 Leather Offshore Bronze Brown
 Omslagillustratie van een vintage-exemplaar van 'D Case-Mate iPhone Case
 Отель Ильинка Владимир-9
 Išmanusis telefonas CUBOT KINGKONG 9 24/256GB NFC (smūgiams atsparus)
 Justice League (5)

◆ ◆ ◆ ◆ ◆ ◆ ◆

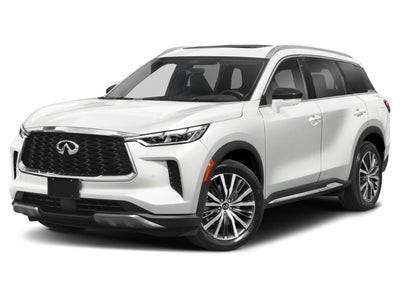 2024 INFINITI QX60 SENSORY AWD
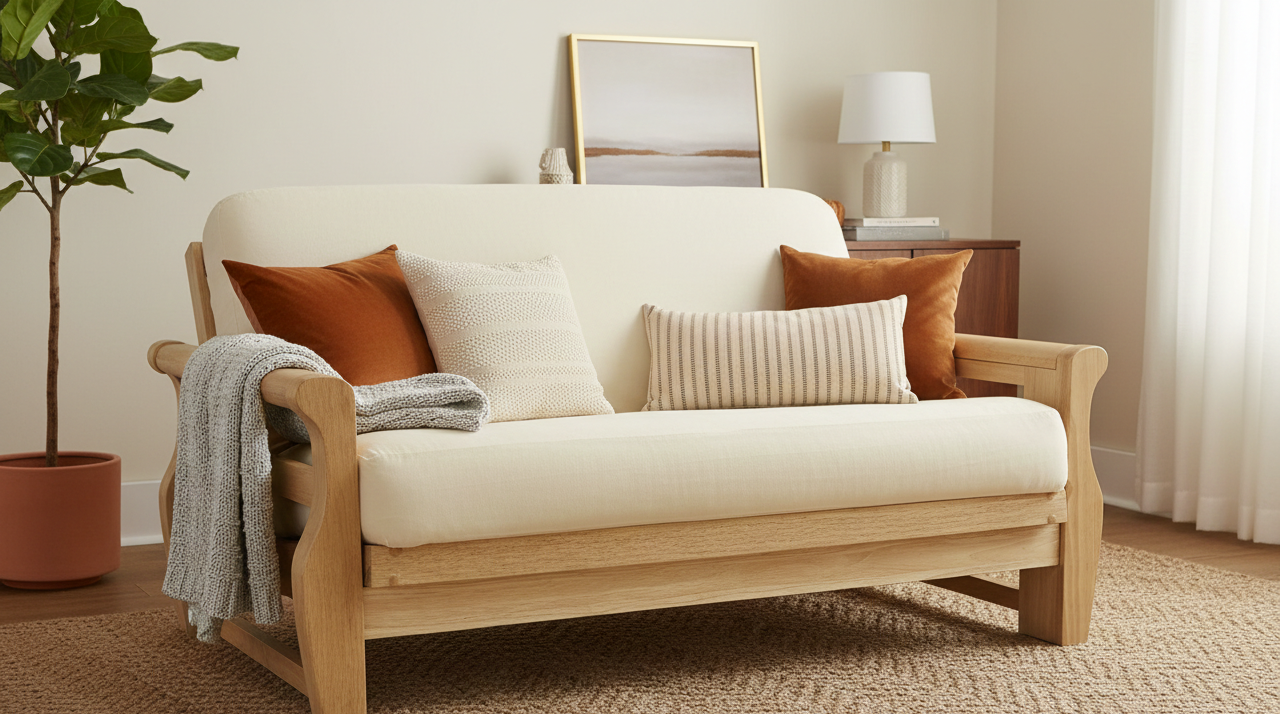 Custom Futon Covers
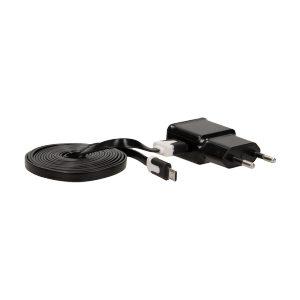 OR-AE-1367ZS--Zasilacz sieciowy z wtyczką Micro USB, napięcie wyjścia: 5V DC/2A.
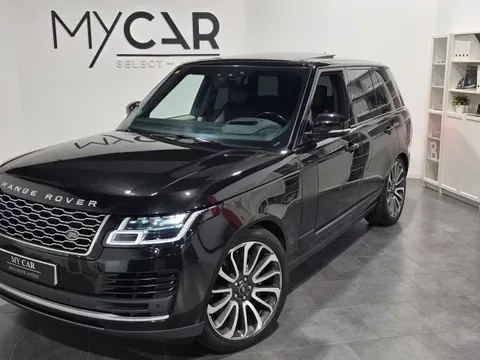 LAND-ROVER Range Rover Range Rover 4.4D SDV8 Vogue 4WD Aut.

◆ ◆ ◆ ◆ ◆ ◆ ◆

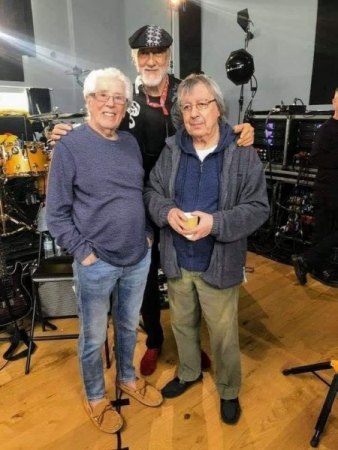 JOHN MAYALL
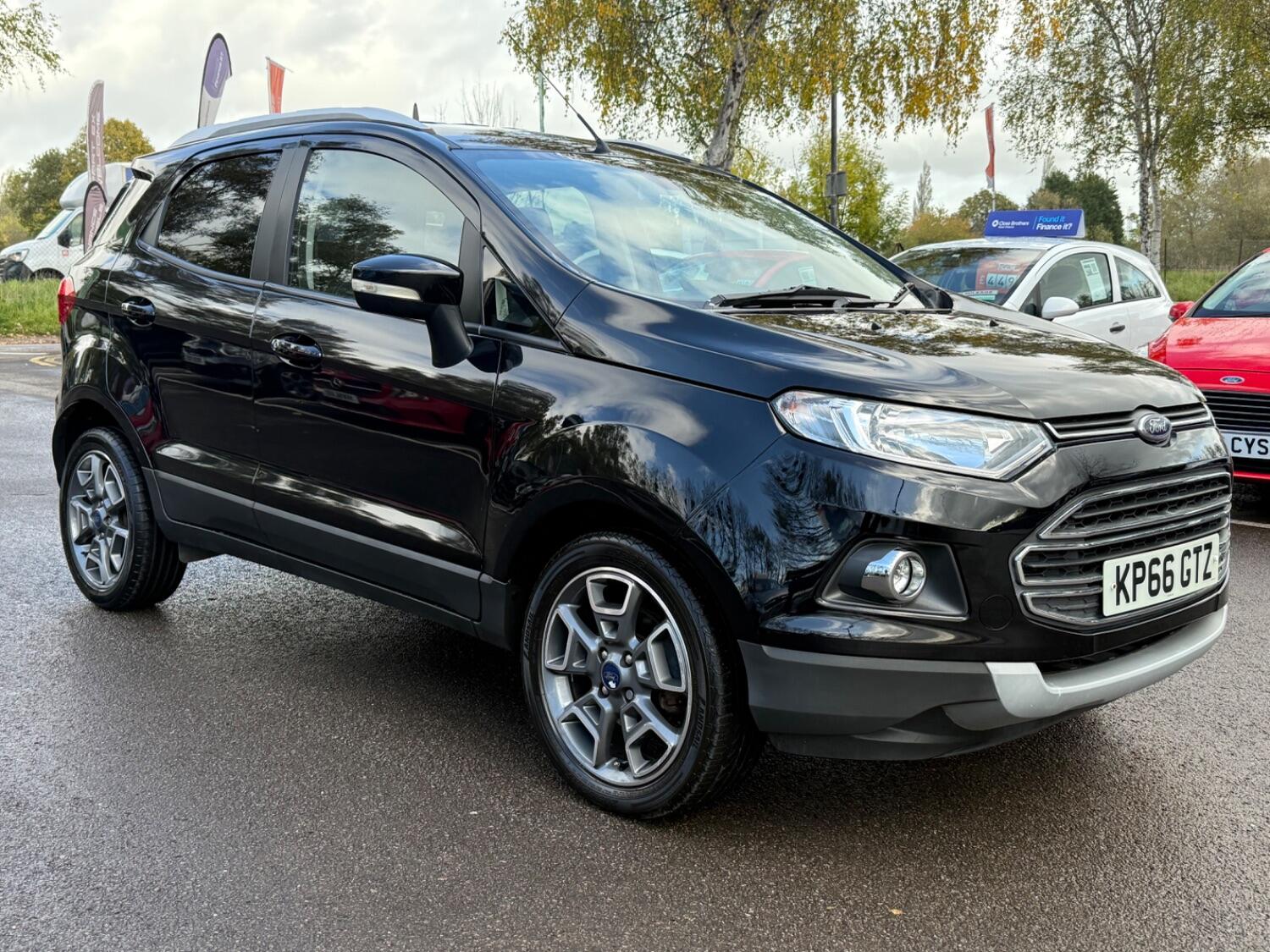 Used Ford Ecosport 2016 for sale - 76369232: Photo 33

◆ ◆ ◆ ◆ ◆ ◆ ◆

#### WHAT IS REQUIRED:
What you give back should be only the lines of the records above, starting at the line with "Leather Offshore Bronze Brown" and ending at the line with "Justice League (5)", restated word for word.

#### RESPONSE AREA:
 Leather Offshore Bronze Brown
 Omslagillustratie van een vintage-exemplaar van 'D Case-Mate iPhone Case
 Отель Ильинка Владимир-9
 Išmanusis telefonas CUBOT KINGKONG 9 24/256GB NFC (smūgiams atsparus)
 Justice League (5)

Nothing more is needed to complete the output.